# Soundpaint Demo Submission Contest



## doctoremmet (Apr 8, 2022)

Guidelines for entry:

1. Create one or more impressive demos that use at least one instance or more of Soundpaint. The demo can be any style you want. Make up an entirely new genre! You can use any Soundpaint ™ library you have

2. Save your track(s) as an MP3 file. Each demo should be between 60 seconds and two minutes in length and must be uploaded as separate files.

3. Upload to SoundCloud, YouTube, Instagram, Facebook, orTwitter with the hashtag #soundpaint_demo

4. Join the Soundpaint Discord Community.

Link to Discord (and all the details) can be found here:









Calling All Soundpainters!


We are launching our first ever demo writing contest (this will be ongoing)! Interested in spreading sonic color and vibes to producers and music makers all over the world? This is a stellar opportunity for you to gain exposure! What's in it for you: - Get the next upcoming Soundpaint...




soundpaint.com





5. Drop a link in the #demo-submissions channel to your uploaded sonic masterpiece.

6. The Soundpaint Team will select demos on an ongoing basis to feature on Soundpaint's official website! 

7. The winners will receive notification by email... (or telepathic vibration energy, if the internet is down that day)

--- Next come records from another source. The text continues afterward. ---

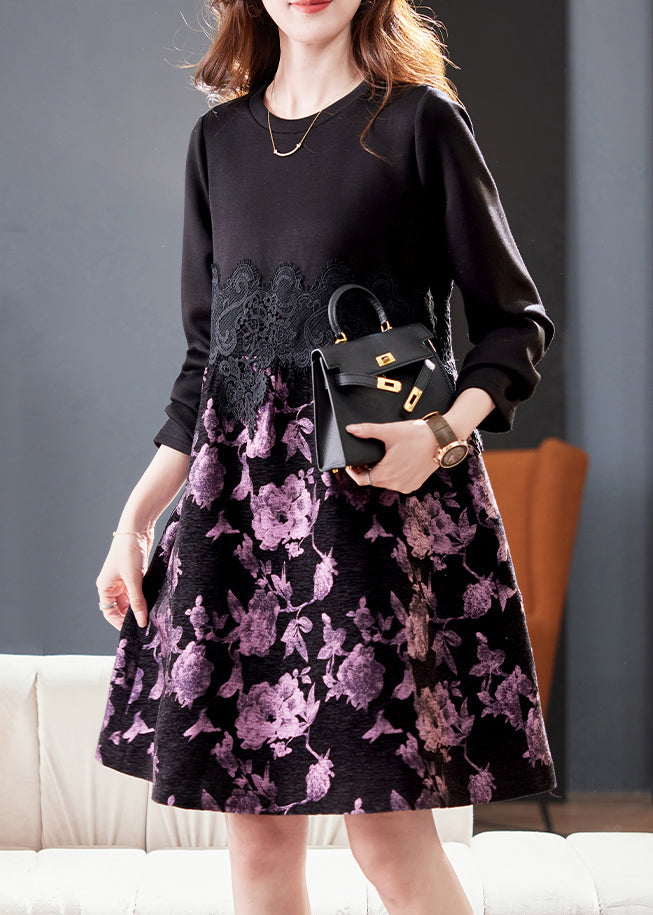 New Black O Neck Lace Patchwork Cotton Dress Fall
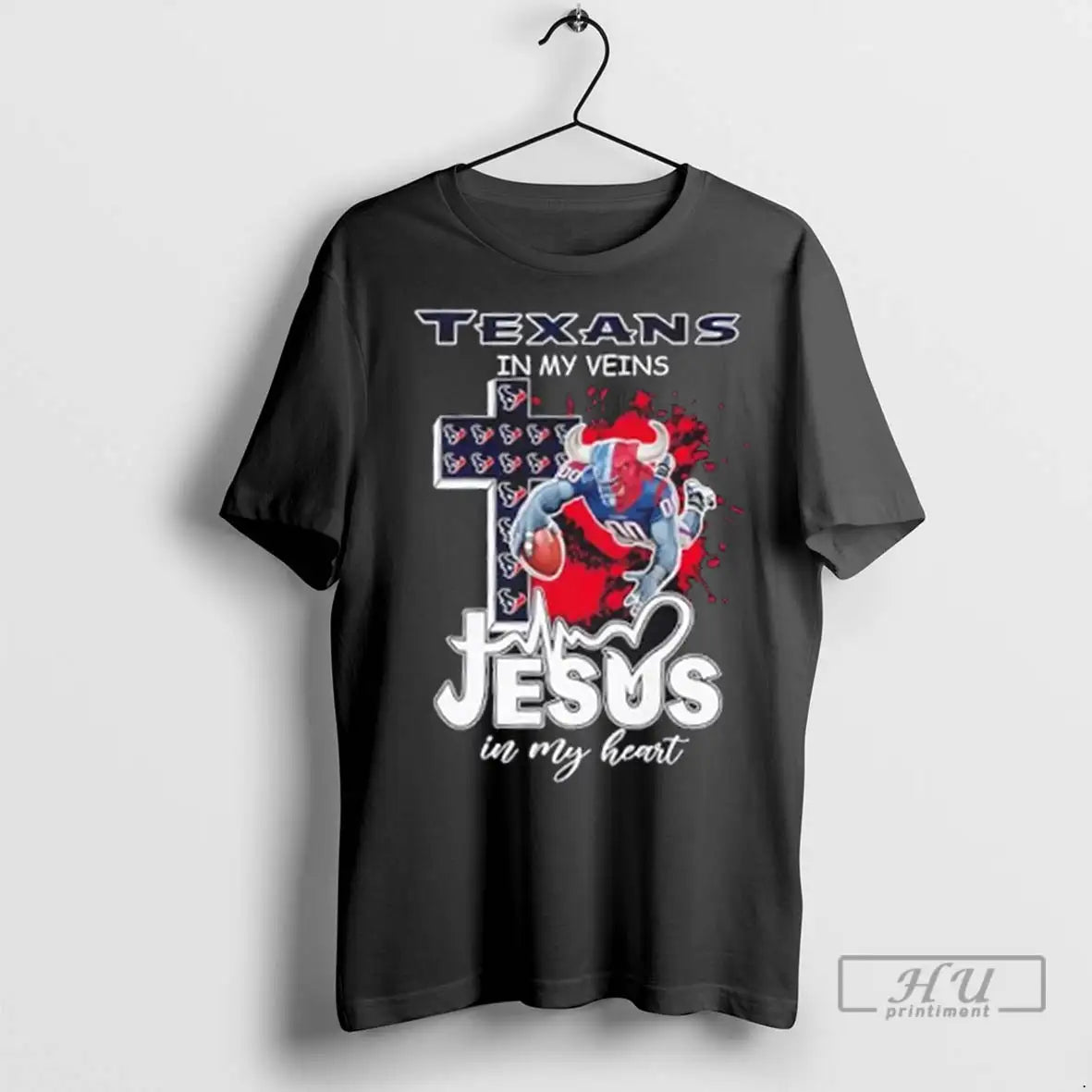 Trending Houston Texans In My Veins Jesus In My Heart Cross Mascot T Shirt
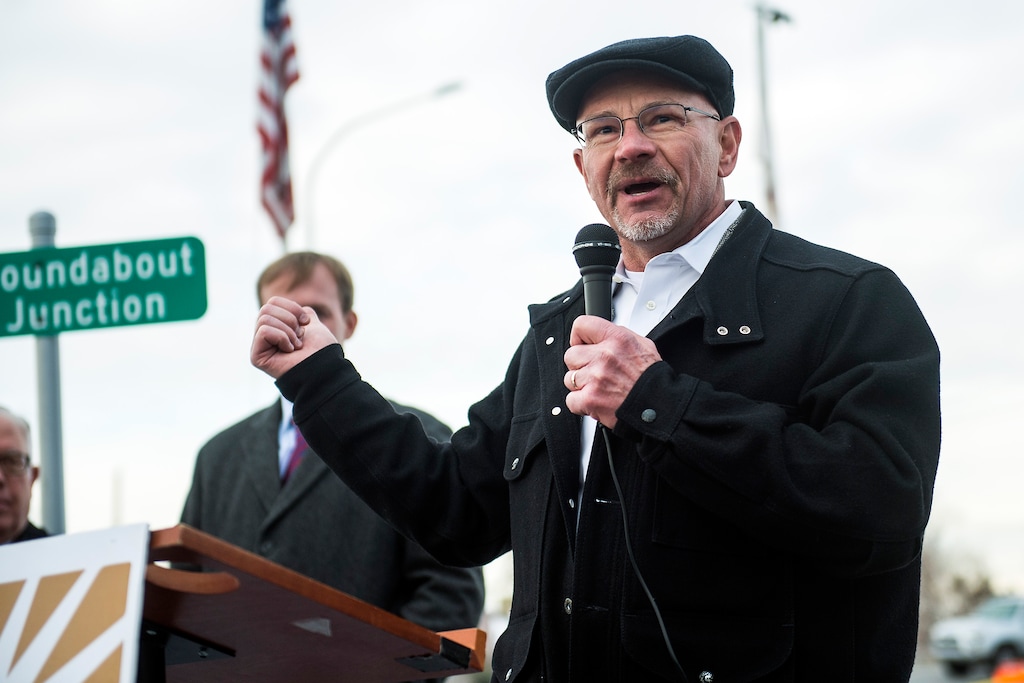 Chris Detrick  |  The Salt Lake TribuneJeff Silvestrini speaks near the new roundabout at 2765 S. 2300 East Tuesday December 20, 2016.  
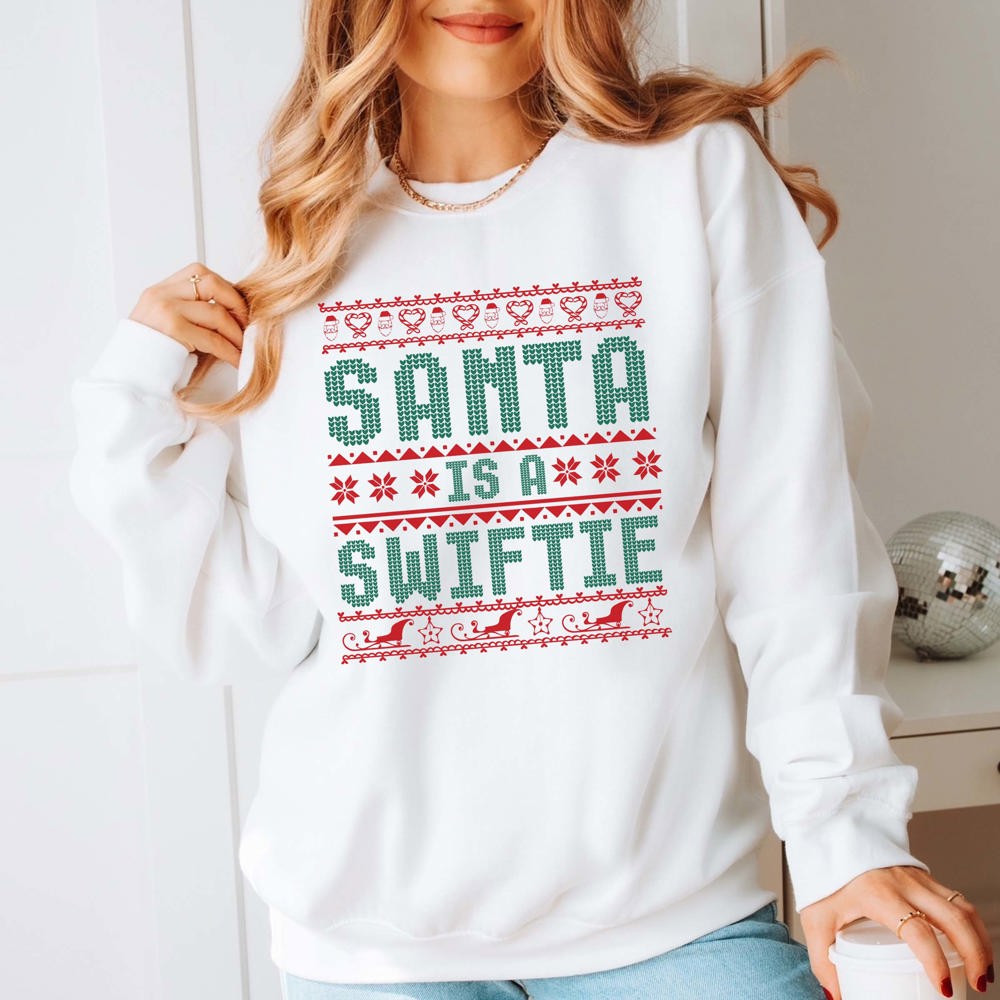 Santa Is A Swiftie Ugly Sweater Graphic Sweatshirt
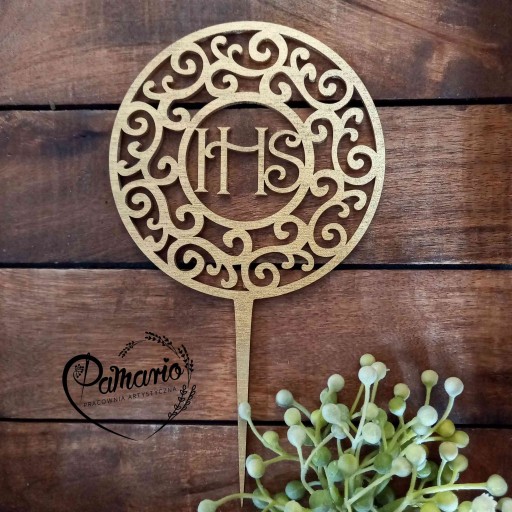 Communion dekor Communion Host IHS Topper Gold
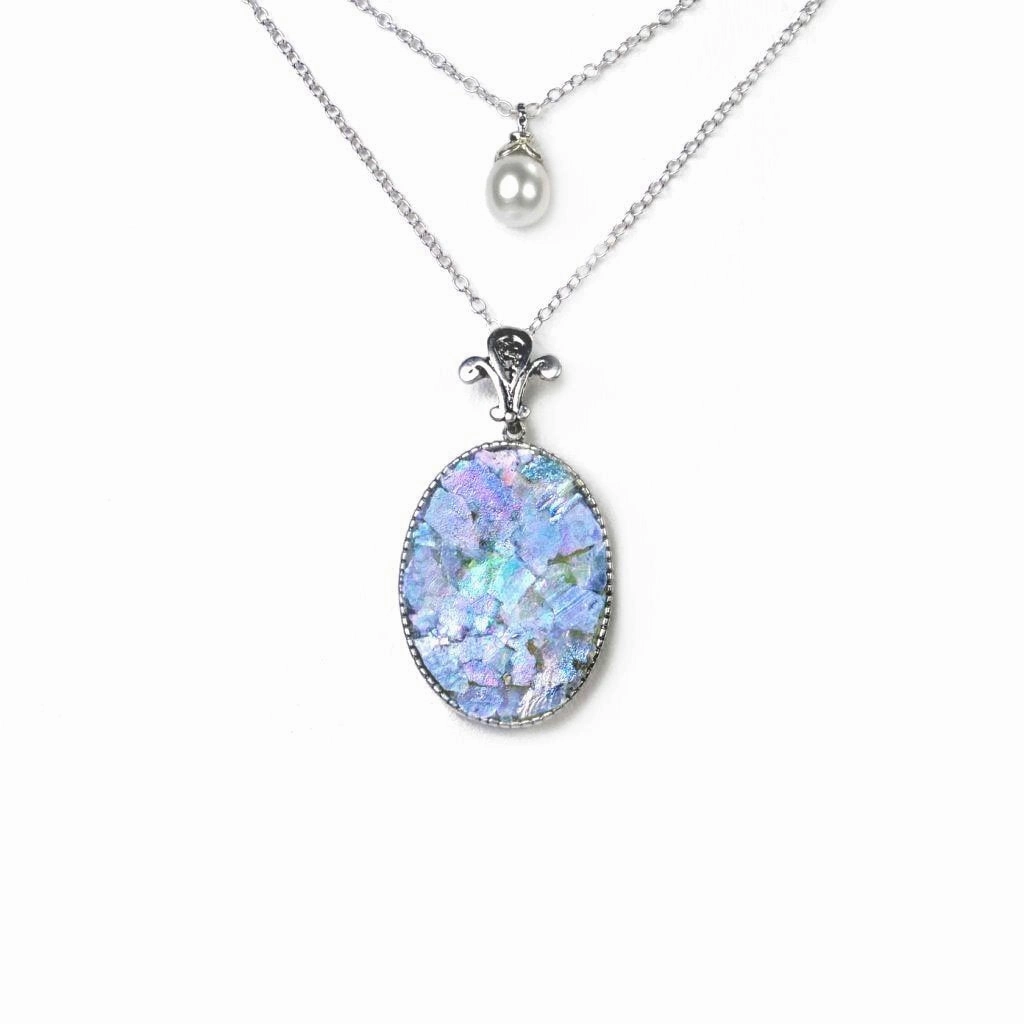 Urban Friend fashion lover Ancient Roman Glass Necklace Sterling Silver with Cultured Freshwater Pearl Layer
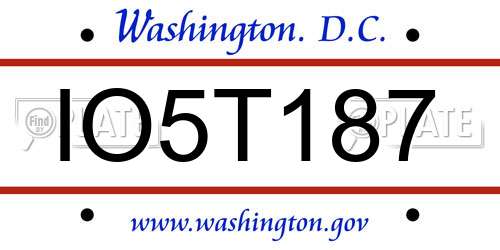 IO5T187 District Of Columbia License Plate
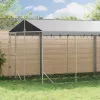  ezüstszínű horganyzott acél kutyakennel tetővel 3x9x2,5 m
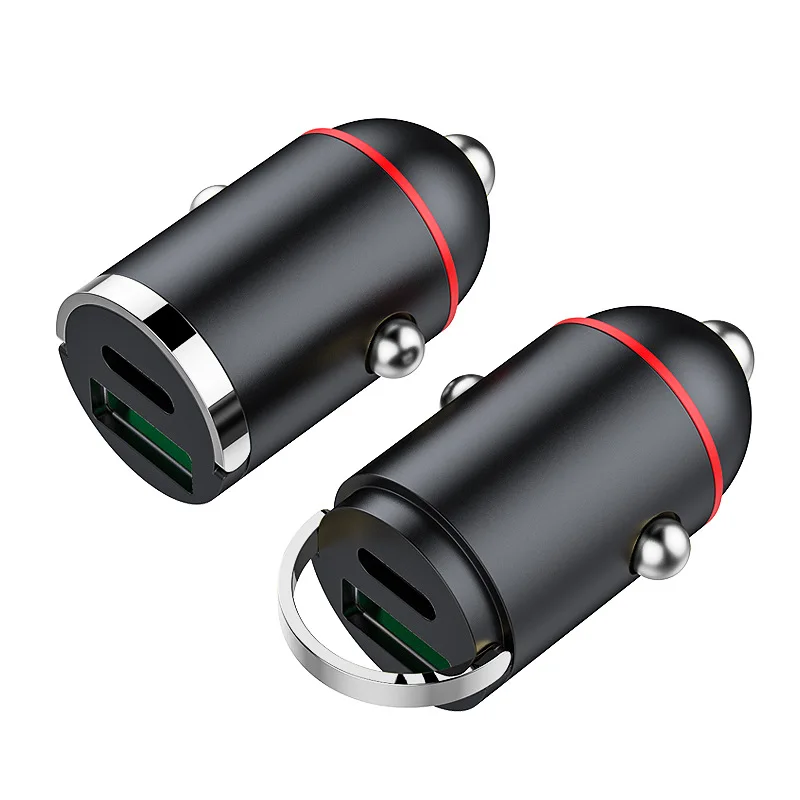 USB Car Charger 22.5/100W 2-Port Fast Charging Adapter Multi Functional Mini Hidden Car Charger Compatible for most cars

8. Most importantly, have fun exploring how quickly you can go from thought to creation


----------



## doctoremmet (Apr 8, 2022)

What's in it for you:

-Get the next upcoming Soundpaint library, before it's officially released. You've earned it!

- An opportunity to be featured on Soundpaint.com on the product launch day

- Have a reserved spot in the Soundpaint Demo Writing team for as long as you keep submitting work that is accepted.

-Help The Soundpaint Team pick future demos for Soundpaint's Official website.


----------



## doctoremmet (Apr 8, 2022)

I posted this here so we can maybe discuss our demos here, both before and after submission


----------



## doctoremmet (Apr 8, 2022)

I don’t think they mention a deadline, did they?


----------



## Markrs (Apr 8, 2022)

Great opportunity to play around with the soundpaint libraries, and trying to resist buying more of them.


----------



## doctoremmet (Apr 8, 2022)

Earn your spot on the demo team and work for your next library. What a concept!


----------



## davidson (Apr 8, 2022)

So they're doing this instead of beta testers for expansions now?


----------



## doctoremmet (Apr 8, 2022)

davidson said:


> So they're doing this instead of beta testers for expansions now?


Are they? I don’t think so to be honest. I think it’s an extra and smart way to collect more user demos and create some noise on social media at the same time?


----------



## davidson (Apr 8, 2022)

It looks like it to me, yeah. Maybe not for people who got into the beta testing expansion earlier, but for new 'applicants', this seems to be the way forward.


----------



## Bee_Abney (Apr 9, 2022)

Wow, a competition using libraries I love, with no deadline. I already feel like I've failed, somehow.

Maybe I'll just wait until I happen to have written something that fits the description, then there won't be any dread pressure. As it's ongoing though, this thread will be a great place to get to hear what people have been up to and to share ideas on using Soundpaint.

Here's a hint: you use nuns. Nuns are where it's at. If you can work dogs into your piece too, then you'll be onto a winner. You should probably throw in some good composing, orchestration and mixing too; but start with the nuns.


----------



## Taron (Apr 10, 2022)

I probably shouldn't say anything to avoid burning bridges... but, uhm...I'm glad this made me finally try soundpaint on my win10 machine, briefly filling it up with 11Gb of free stuff and then finally freeing me from wondering about it ever again! Hurray! 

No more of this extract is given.